Tengo la impresión de que la
ciudadanía conquense se ha sumergido de manera masiva en estas celebraciones
festivas con el mismo entusiasmo con que se prepara la siguiente tanda. En un
ambiente plagado de comentarios negativos los sectores que viven del turismo
(hoteles de cualquier clase y condición, restaurantes, bares y cafeterías)
están encantados de la vida y reconocen que las cosas han ido (están yendo)
francamente bien. Debemos alegrarnos. Otros, seguramente, están teniendo
problemas, pero la impresión es que una amplia mayoría está disfrutando, el
dinero corre de acá para allá, los viajes han vuelto a reanudarse, las
carreteras se llenan con millones de vehículos, trenes y aviones van a tope.
Incluso los aficionados a los toros, tan inconformistas por regla general, han
tenido su cupo de satisfacción. Parece que no se puede pedir mucho más. Por
ahí, los montes arden, los insensatos tropiezan y se caen por las Chorreras de
Enguídanos, los toros embolaos que tanto gustan a los valencianos están
sembrando de dolor tan bárbara costumbre. Pero, ¿a quién importa este
repertorio de calamidades? El mundo es una fiesta y más vale aprovecharla
ahora.
Cierto que, como suele decirse,
luego vendrá el tío Paco con la rebaja, pero también es verdad que nos quiten
lo bailado. Los agoreros parecen disfrutar lanzando advertencias a cuál más
preocupante, asegurando que nos espera un otoño complicado, un invierno
terrorífico, una primavera angustiosa y a lo peor ni siquiera llegamos al
próximo verano. Con esa perspectiva es normal que una amplia mayoría prefiera
liberarse de la realidad y aplicarse el horaciano Carpe Diem. Aprovechemos el
momento, vivamos alegremente este día, y ya veremos lo que pasa en el futuro.

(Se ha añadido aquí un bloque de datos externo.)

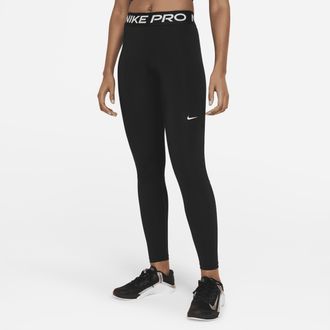 Nike Womens Nike Pro Mid-Rise Mesh-Paneled Leggings in Black | CZ9779-010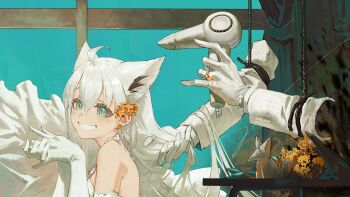 1girl 1other :d absurdres ahoge animal_ear_fluff animal_ear_piercing animal_ears aqua_eyes braid commentary_request detached_arm double-parted_bangs dress elbow_gloves flower fox_ears fox_girl gloves grin hair_between_eyes hair_dryer hair_flower hair_ornament hand_in_another&#039;s_hair highres holding holding_hair_dryer hololive hyde_(tabakko) long_hair looking_at_viewer open_mouth shirakami_fubuki side_braid smile solo virtual_youtuber white_dress white_gloves white_hair zuutto_issho_(kitani_tatsuya)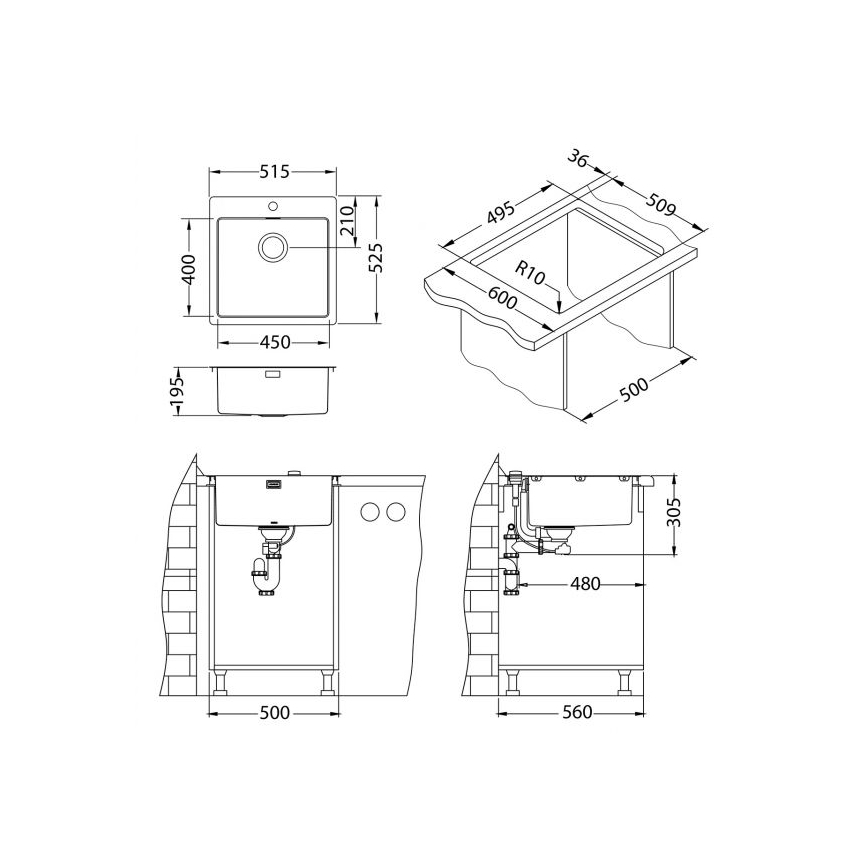 ALVEUS 1106867 - Évier de cuisine PURE 52,5x51,5 cm monarch doré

Las fiestas nos ayudan a sobrevivir entre perspectivas negativas. Es mejor
dejarse llevar por el vuelo atrevido de las norias, en cualquiera de sus formas
o sentir la emoción infantil que a su paso despiertan los gigantes y los
cabezudos o contemplar, en el calendario que hay en la Plaza Mayor, cuántos
días faltan para que llegue San Mateo con su despliegue de vaquillas
enmaromadas y las convenientes sutilezas gastronómicas. Luego, ya veremos.